Feeds:
Posts
Comentários

Posts Tagged ‘Direito’

Personalidade jurídica x nascituro

Tradicionalmente, o entendimento de que a personalidade jurídica do ser humano começa com o nascimento com vida, como disposto no art. 2º do Código Civil, foi o adotado e aplicado pela comunidade jurídica. Entretanto, nas últimas poucas décadas, tem se fortalecido a corrente em favor da chamada Teoria Concepcionista, como também da Teoria Condicionalista, que nada mais é do que uma espécie de concepcionismo. Essas teorias apregoam que o nascituro, desde a concepção, já possui personalidade jurídica, com todas as consequências daí advindas, em especial, a aquisição dos direitos da personalidade inerentes à dignidade da pessoa humana (art. 1º, III, CF).

Com todo o respeito aos eminentes autores que defendem essa posição, e nadando contra a maré, vou expor minha opinião tentando mostrar, brevemente, porque a Teoria Natalista é a que melhor explica a natureza jurídica do nascituro no ordenamento jurídico brasileiro.

Primeiramente, vamos realizar um trabalho conceitual. A definição clássica de personalidade jurídica a qualifica como sendo a aptidão genérica de ser sujeito de direitos e obrigações.

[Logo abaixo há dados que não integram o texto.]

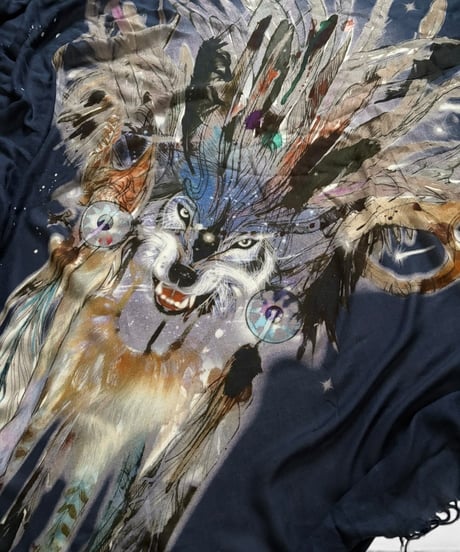 A/W 2011 BALMAIN HOMME WOLF PRINT AFGHAN SCARF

Entretanto, como Pontes de Miranda já apontava, tal conceito não encerrava a noção de personalidade, posto que, para se ser pessoa, não é suficiente ser sujeito de direito. Até porque, como dizia Pontes de Miranda, há sujeitos de direitos que não são pessoas, como os entes despersonalizados (ex.: a massa falida e o condomínio edilício). Estes, como ninguém nega, podem ser titulares de direitos e estarem sujeitos a obrigações, possuindo, pois, capacidade jurídica, que é a aptidão de titularizar relações jurídicas pessoalmente.

O que de fato caracteriza a personalidade jurídica não é ser sujeito de direitos, mas sim ser detentor de um conjunto de direitos destinados a prover uma proteção mínima à pessoa, a saber, os chamados direitos da personalidade, como o direito ao nome, à vida, à privacidade, etc. Esses direitos nascem automaticamente com o reconhecimento da personalidade e são um corolário do princípio da dignidade da pessoa humana, conforme entendimento doutrinário pacífico.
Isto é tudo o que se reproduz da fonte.